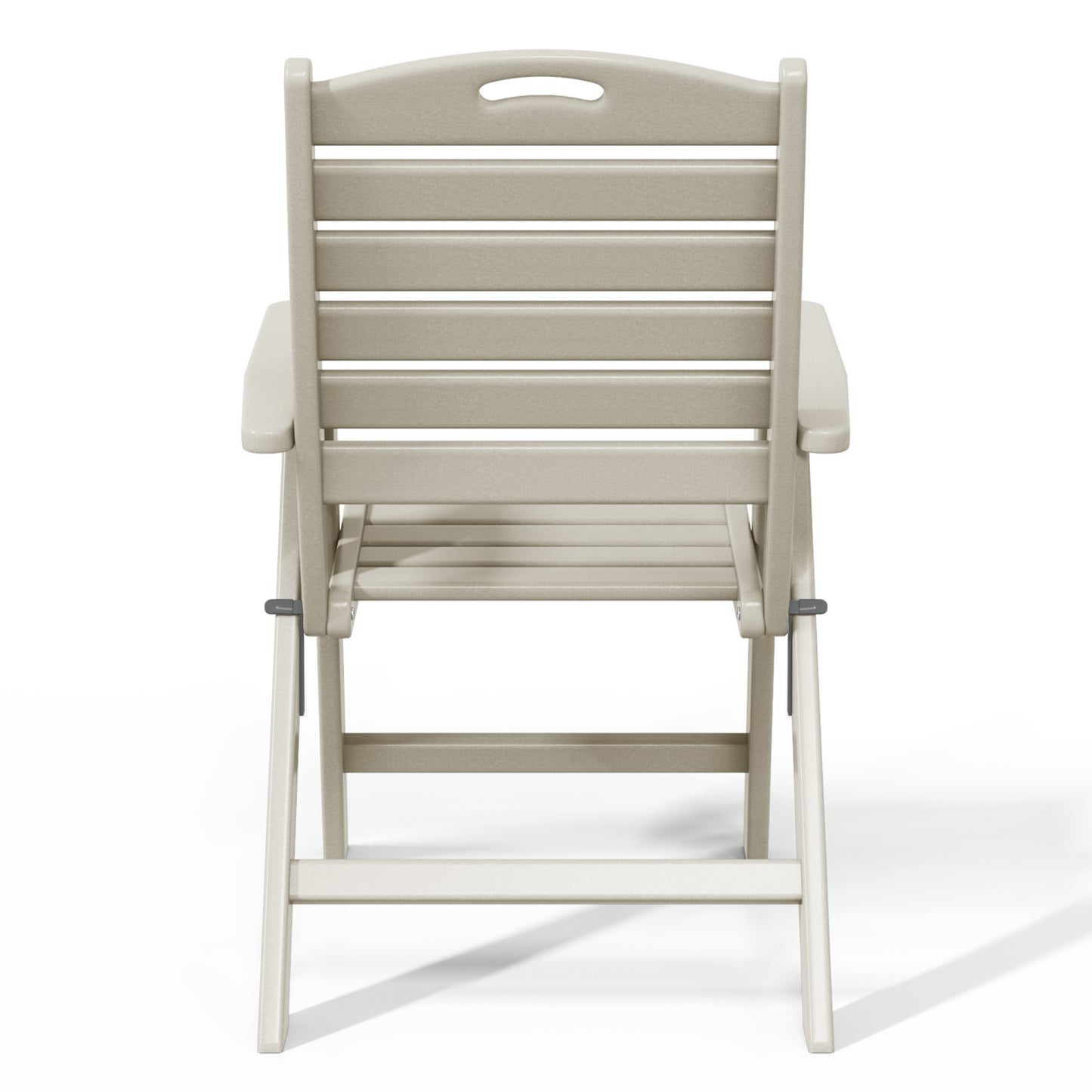 Aarhus All-Weather Outdoor Patio Folding Tall Back Dining Chair (38" High) Seahawk Designs Patio Dining Chairs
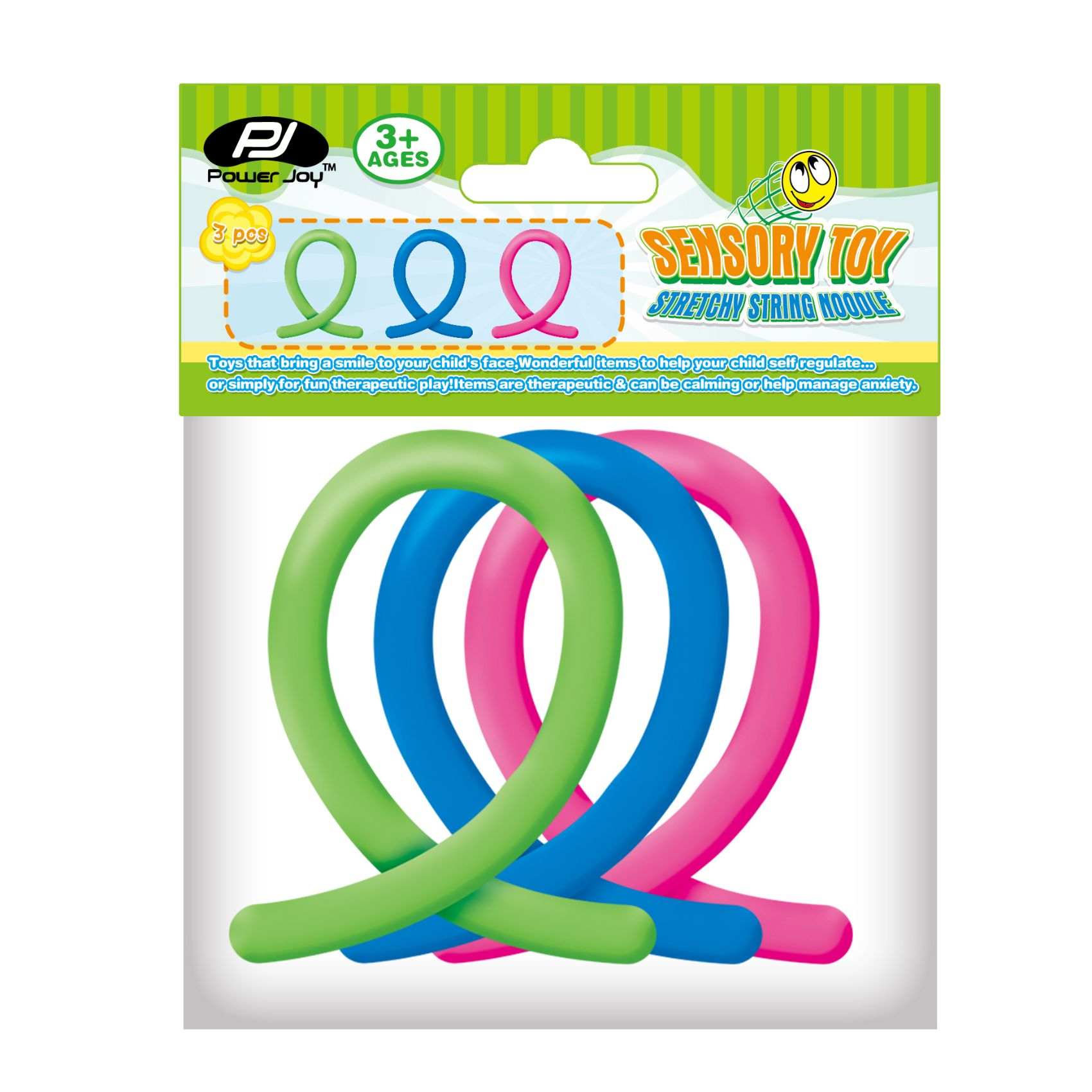 Buy Power Joy Stretchy String Noodle Sensory Toy Multicolour Online ...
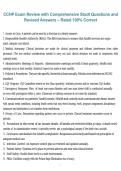 CCHP Exam Review &ndash; Comprehensive Study Questions and Revised Answers Rated 100&percnt; Correct 2026&sol;2027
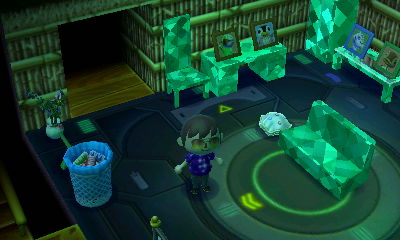 A garden wall and sci-fi floor.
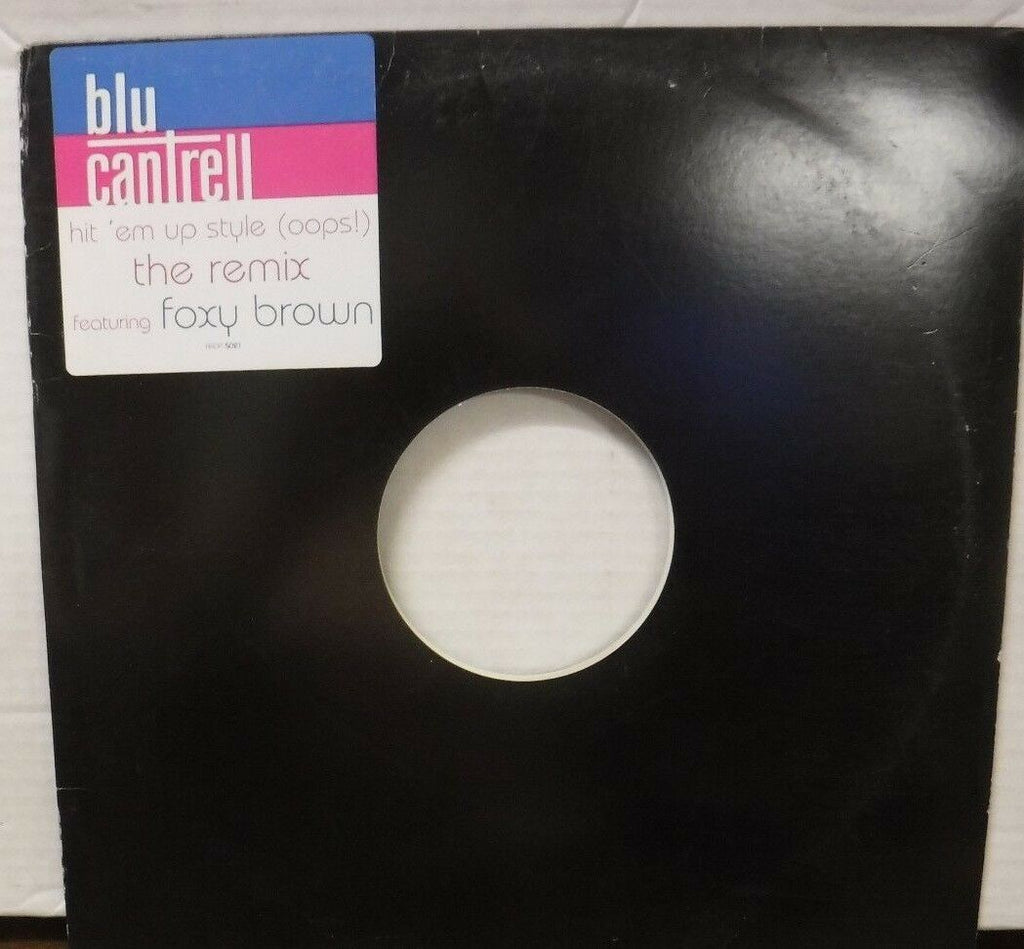 Blue Cantrell Hit Em Up Style Remix PROMO 12" Single vinyl ARDP-5021 030318LLE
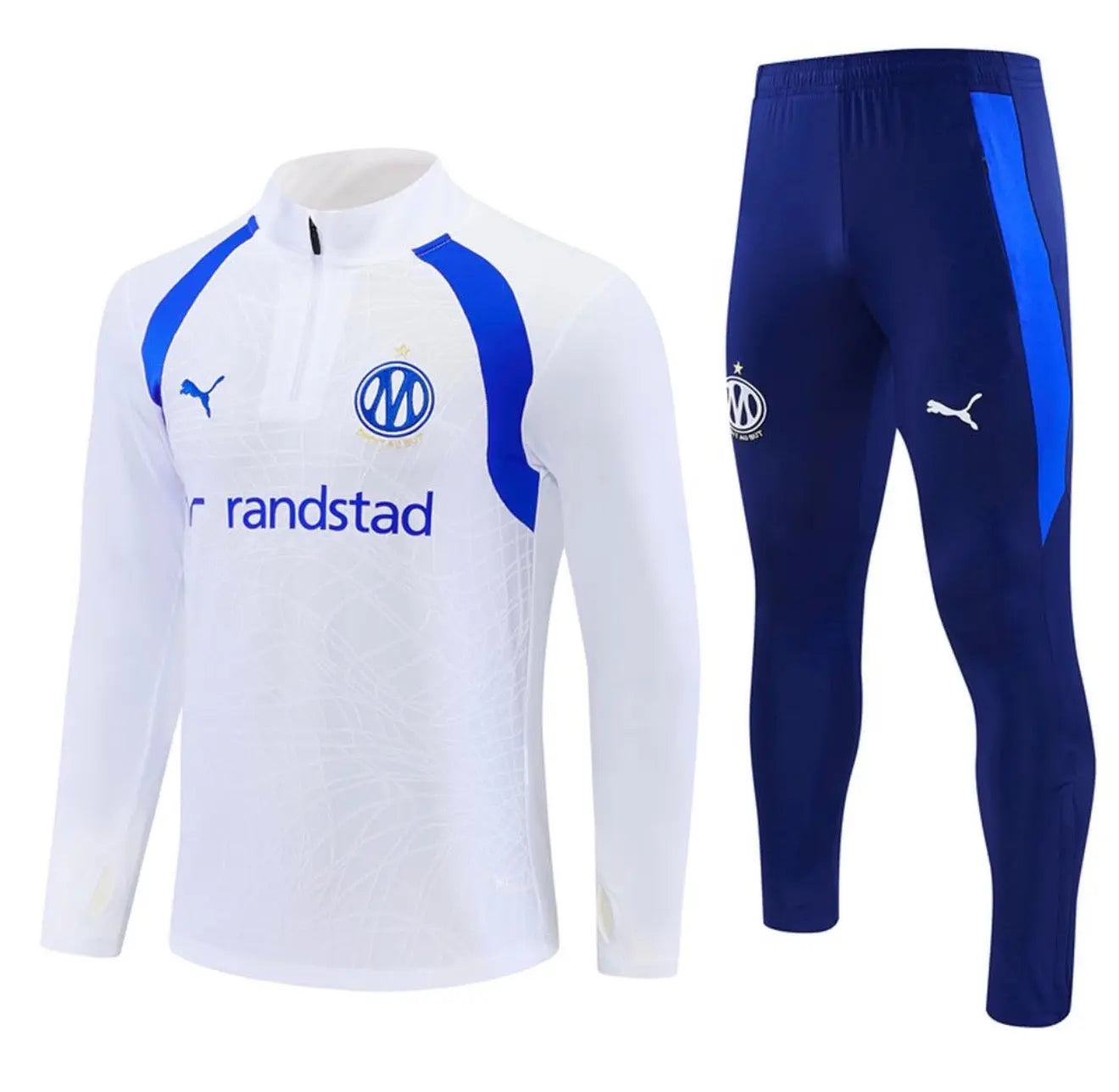 Kit Survêtement Olympique de Marseille 2026/27 Blanc Bleu Footoriq Kits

☆ ☆ ☆

Transcribe the full listing above exactly as it stands, minus the pictures.

Solution for this exercise =
 Aarhus All-Weather Outdoor Patio Folding Tall Back Dining Chair (38" High) Seahawk Designs Patio Dining Chairs
 Buy Power Joy Stretchy String Noodle Sensory Toy Multicolour Online ...
 CCHP Exam Review &ndash; Comprehensive Study Questions and Revised Answers Rated 100&percnt; Correct 2026&sol;2027
 A garden wall and sci-fi floor.
 Blue Cantrell Hit Em Up Style Remix PROMO 12" Single vinyl ARDP-5021 030318LLE
 Kit Survêtement Olympique de Marseille 2026/27 Blanc Bleu Footoriq Kits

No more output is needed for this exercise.